It’s been about three months since she’d enlisted, and frankly she’s been aching to start working on actual _maneuvering._ The basic units on how to handle knifes and hand to hand combat, although admittedly necessary for some recruits, had bored her; she’d been trained with them before

The only highlight was shoving Reiner’s ass into his face.

It’s dangerous; she tells herself one early morning, exactly a week after the fight with Mikasa. You can’t do this. You shouldn’t.

Annie knows her limits. She knows why she’s being so cautious; why she mustn’t forget the reason she joined the military, why they all can’t get too attached. But something about the dark-haired girl intrigues her, and despite what’s been drilled into her head, she decides that she’s human after all.

She wants friends.

She wants to have people she can swing her arm around after training when they stagger to the showers; people that will braid her hair and help her out of her gear, people who will watch with careful eyes when she flies through a course—not because they’re looking on in awe, but because they’re ready to catch her if she falls.

And maybe, she wants someone who she can be truthful around.

It’s difficult to think of things to say to Mikasa, having mostly stuck to herself or occasionally dealing with Reiner and Bertholdt, but Annie tries.

She waits outside of the girls’ barracks, leaning on the weathered wood of the long building, arms crossed and face impassive, watching the girls trickle out in groups into the open field to the mess hall.

As Mikasa passes, red scarf fluttering in the light breeze, looking oddly alone without the brunet and the blond by her side, Annie makes her move.

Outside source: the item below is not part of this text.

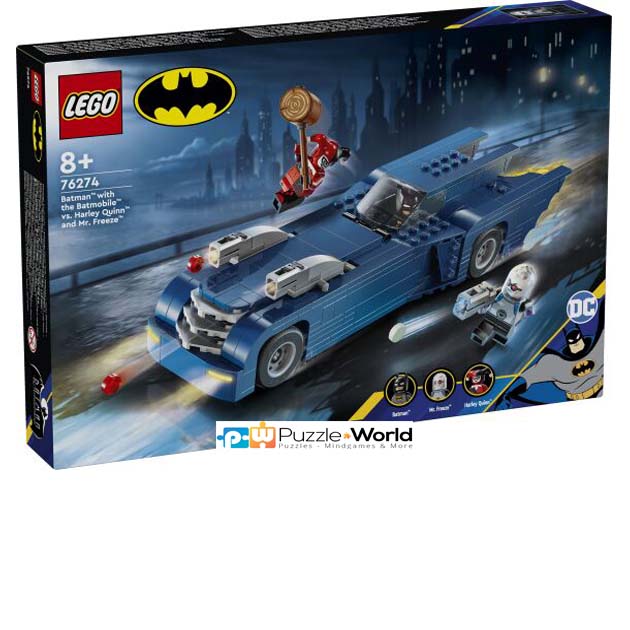 Lego Super Heroes: Batman With The Batmobil VS Harley Quinn & Mr Freeze (435 pcs)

“I didn’t manage to teach you anything that day,” she says. Her tone is flat, bored and seemly apathetic, but her heart is thumping hard in her chest, and she wonders if the other girl can hear it too. “If you really want to, I could teach you the throw Eren did on Jean.”

Mikasa stops. “Sure,” she says, lips curling just a degree at the corners.

Annie works the same way she did on Eren, demonstrating on an unwilling Reiner, and Mikasa copies her, movements slightly hesitant but correct nonetheless. Annie’s hands are firm as she corrects her stance, making minute adjustments—Mikasa’s a fast learner—and her voice slowly thawing, losing its cool edge as she gives tips and explains the mechanics. She’s patient; a quality that Mikasa hadn’t known she possessed, or never before been in a position to observe, but appreciates anyway.

Mikasa picks up the move quickly, and when Annie holds out her arms and makes eye contact, she raises a single quizzical eyebrow.

“Throw me.” The blonde says simply, flicking loose strands of hair from her face in a hasty attempt to hide a blush.

Mikasa is caught slightly off-guard, but recovers quickly,

“Thank you,” Mikasa says, and nods at her. Annie almost feels a flush of satisfaction.

 

* * *

They settle into some sort of routine—meet each other long before dawn, train and spar and fight, get to the showers early, then join the other trainees when Shadis calls them into the field for their morning exercises.

Annie doesn’t seem to require a lot of sleep, judging from the fact that on most mornings, Mikasa finds her propped up behind the barracks; on one of the sheds, dressed in her usual faded yellow hoodie and a pair of grey slacks, hair tied up in her distinctive bun and fringe falling over an eye. In the dim light, she looks smaller than usual with her hood up and small frame lost among the folds of fabric, blending into the pale walls of the storage shed. The flicker of a nearby torch casts shadows across the other girl’s face, but Mikasa can almost makes out a faint hint of a smile—a slight upward quirk of a thin lip—as she comes into her vision.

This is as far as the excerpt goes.